** Material provided follows **
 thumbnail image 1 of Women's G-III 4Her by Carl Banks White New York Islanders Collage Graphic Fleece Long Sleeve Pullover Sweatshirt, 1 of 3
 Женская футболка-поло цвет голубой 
** End of Material provided **
** Material provided follows **
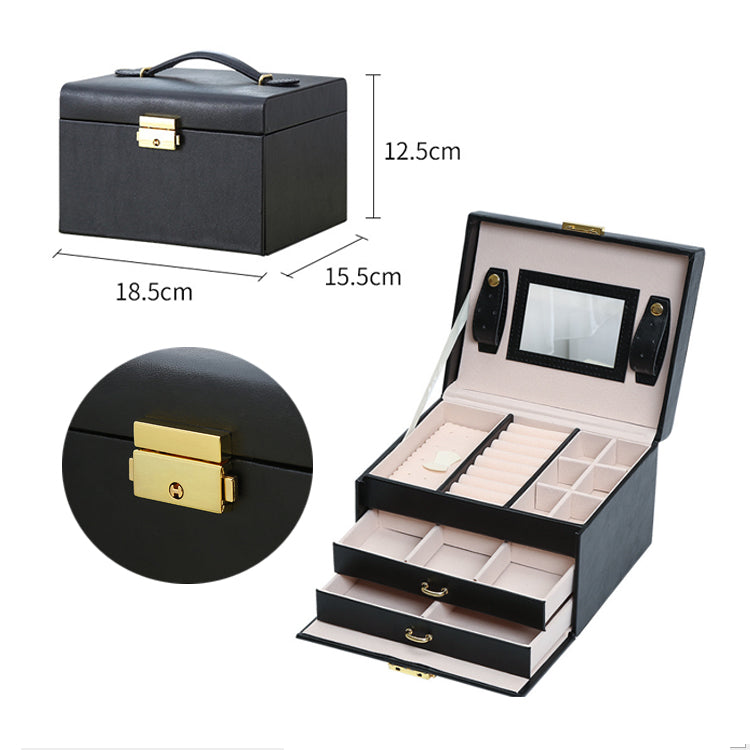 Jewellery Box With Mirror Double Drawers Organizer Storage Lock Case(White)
** End of Material provided **
** Material provided follows **
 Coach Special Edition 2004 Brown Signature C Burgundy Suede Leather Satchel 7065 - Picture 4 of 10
** End of Material provided **
## How to complete this task
Go through the listing above and write out exactly the lines starting with the one holding "thumbnail image 1" and running through the one holding "Женская футболка-поло цвет голубой", ends included, and no others.

## Answer to this exercise
 thumbnail image 1 of Women's G-III 4Her by Carl Banks White New York Islanders Collage Graphic Fleece Long Sleeve Pullover Sweatshirt, 1 of 3
 Женская футболка-поло цвет голубой 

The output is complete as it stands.